Thursday, October 24, 2013

atomism

The redbud drops its color consecrating the cracked ground for one hundred hours.  It's a quiet Springtime transfer, the sun's last blessing before sweltering months.  Witness this and you'll fast forward to the planting of emerald rye in October.


Today my window is open and I hear the high school marching band practicing (they sound good).  The team has a home game this Friday against a conference foe.  And my neighbor is rider-mowing his lawn after a couple weeks of rainfall.
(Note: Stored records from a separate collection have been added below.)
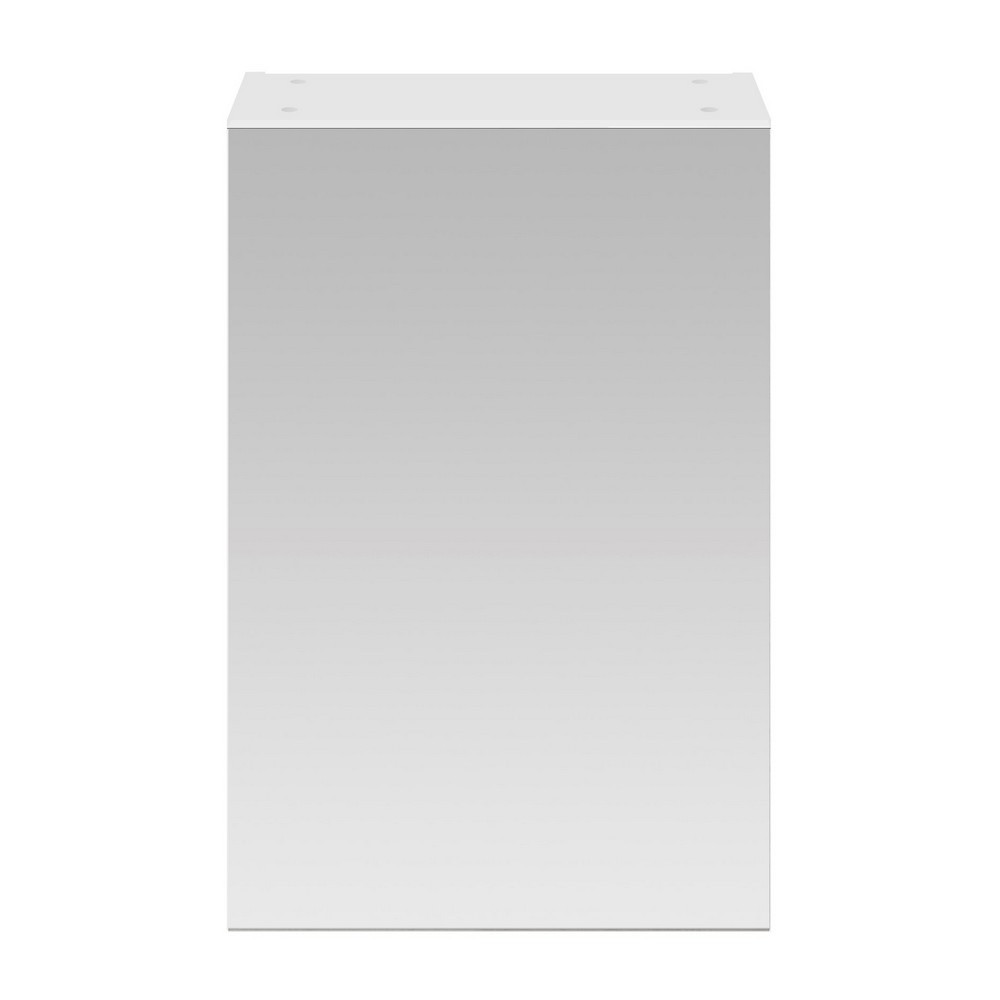 Nuie Athena 450mm Mirror Cabinet Gloss White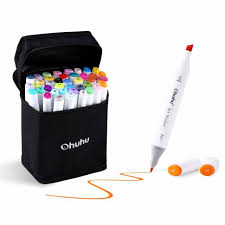 Ohuhu 40 Colors Dual Tips Permanent Marker Pens Art Markers For Kids Highlighter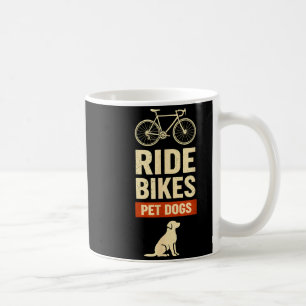 Caneca De Café Andar de Bicicletas Animais de Estimação Cães Bici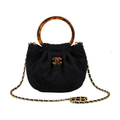 Chanel Suede Calfskin Plexiglass Tortoise Shell Quilted Black Bag - image 1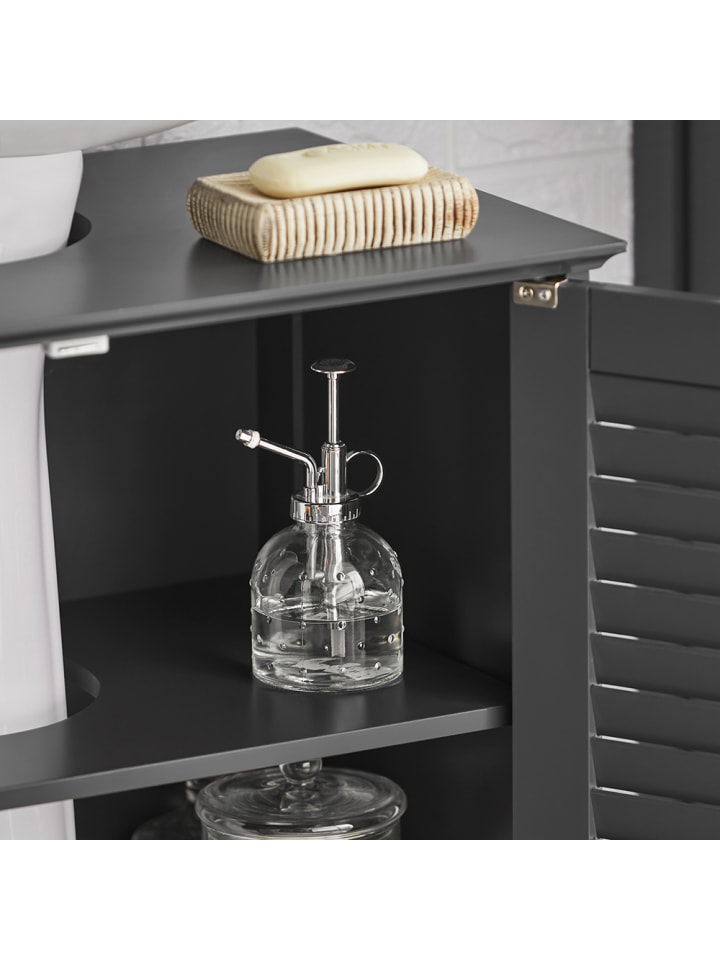 SoBuy Waschbeckenunterschrank in Dunkelgrau - (B)60 x (H)58 x (T)35cm günstig kaufen onesize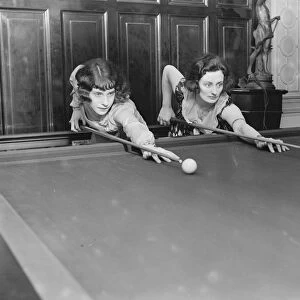 Womans Billiards Championship at the Burroughes Hall, Soho Square Miss Joyce Gardner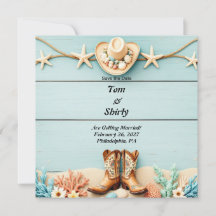 Flat Save The Date Card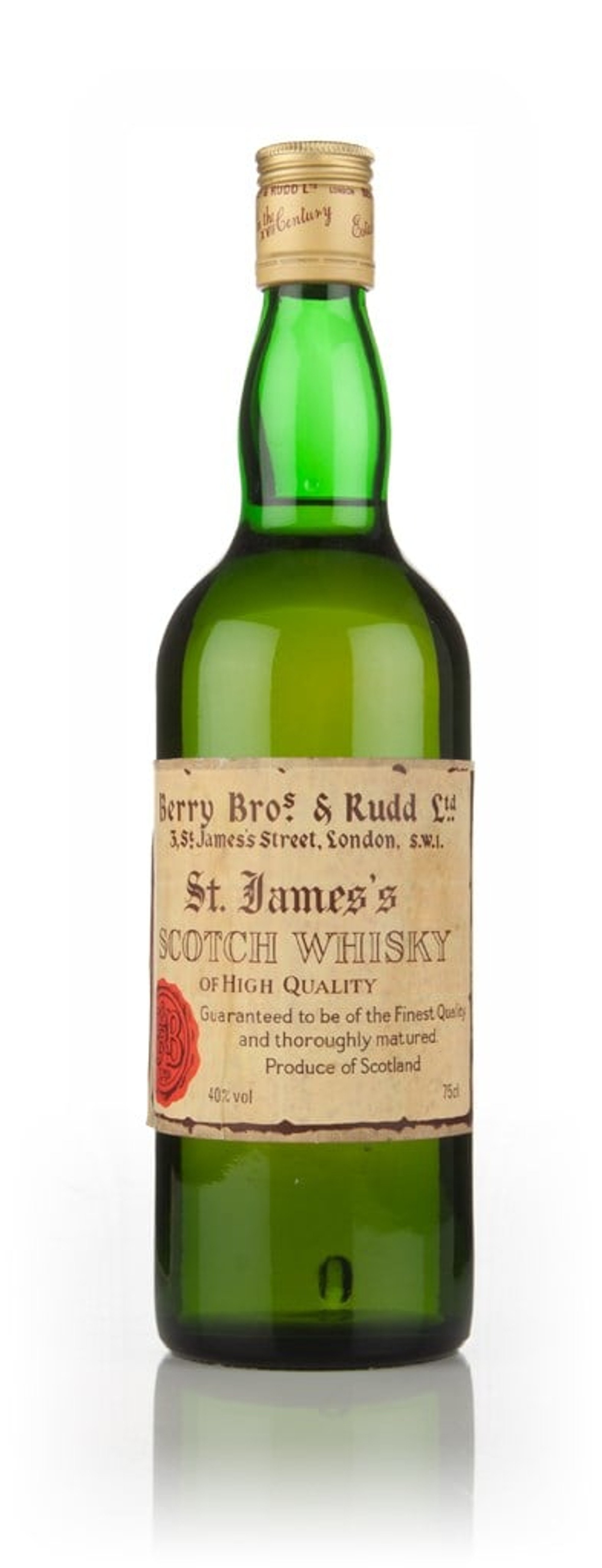 St. James's Scotch Whisky - 1970s 75cl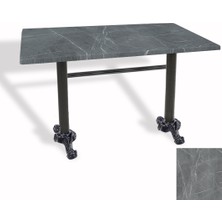 Dockers Çipa Döküm Ayak Masa 80X140 cm - (Werzalit, Wermodin ve Allzalit Tabla) - Light Temperado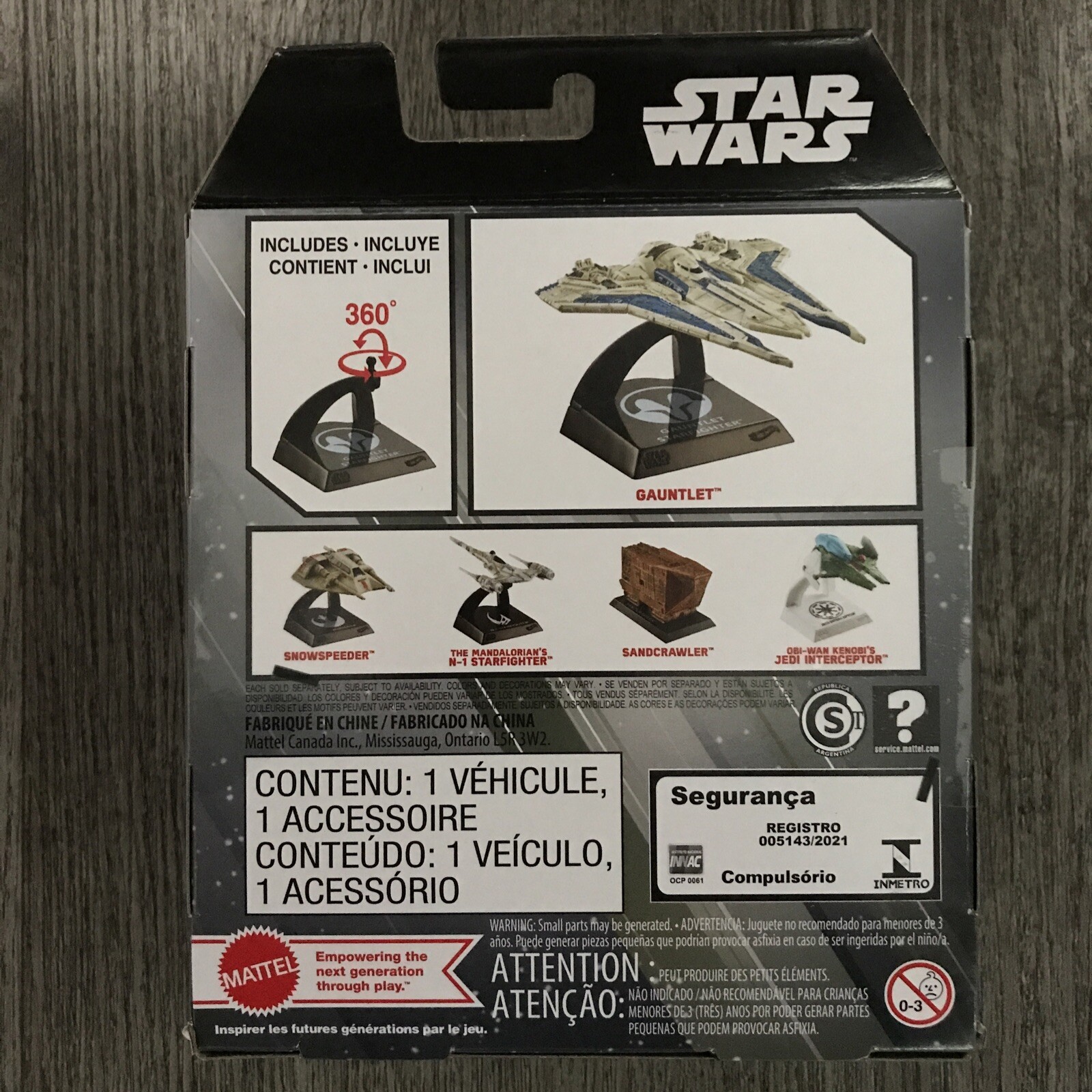 Star Wars Hot Wheels Starship Select GAUNTLET 1:50 HTJ78 Diecast Mandalorian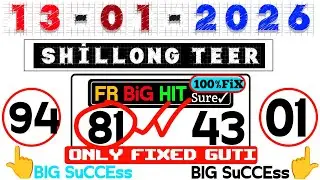 Shillong Teer Live FR 13/01/2026 Khasi Hills Archer Sports Institute Shillong teer Result1st Round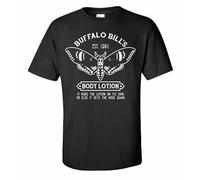 Buffalo Bill's Body Lotion Silence of The Lambs Movie T-Tshirts Camisetas y Tops tee Black (Large)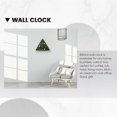 thumbnail image 3 of 13 Inch Billiard Quartz Clock with Solid Wood Frame Wall Clock for Living Room,Bedroom, 3 of 5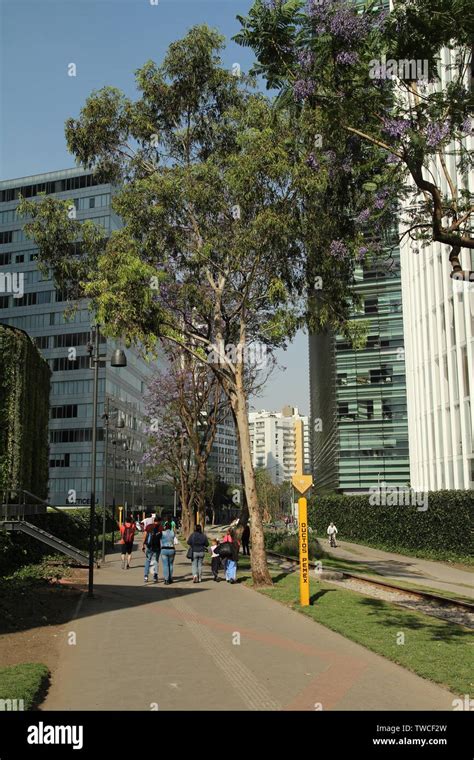 Modern architecture in Polanco, Mexico city Stock Photo - Alamy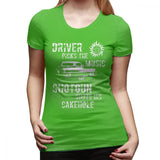 Supernatural T-Shirt Driver Picks The Music T Shirt Short Sleeve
North of my window: The Arkansas Arts Center will include two paintings of mine for their 45th Collectors Show & Sale in December.  And I've been fortunate enough to be welcomed into AQUACHROME, a contemporary watercolor exhibit at Manifest Creative Research Gallery of Cincinnati opening November 8.  


Tuesday, August 27, 2013

meta

Let's talk about vanishing point, the title of this blog at the top of your screen.  Vanishing point is, for me, an irrational way of looking through my environment and into the unknown.  It is a shifting of colors and shapes around one central continuum (the vanishing point is always the same point).  It is the remnants of what's left - of both life moving past me as well as life fading away beyond my grasp. 


The street lined on both sides unfolds before me now and forever.  And though I'm not really as interested in the individual buildings on each side, I am comforted by how they contain the tunnel track of space (mainstream) that we move within.  


I don't believe in, no, I'm not allowed to structure my life around the idea of painting.  And this fundamental parameter encourages me to strive for the opposite: to live with my world, to not change  or deny parts of it, but to simply see it for what it is.  The result is a dictum: paint only what you can experience along the way.

This week I am delivering work to the Beeville Art Museum.  For my first museum show I will have work occupying the entire main gallery through the end of December.  Opening reception is September 28th from 12-2pm.

Thursday, August 1, 2013

john parks

I just finished a phone interview for Watercolor Artist Magazine with John Parks.  Though I tire easily when talking about the particulars of why I do this or that, I know I'm in good hands.  He is a seasoned painter and writer with a sense for connecting craft with its concept.  I look forward to the February 2014 issue.  He also saw what I see in this inkscape from last year...phew, I thought nobody would.  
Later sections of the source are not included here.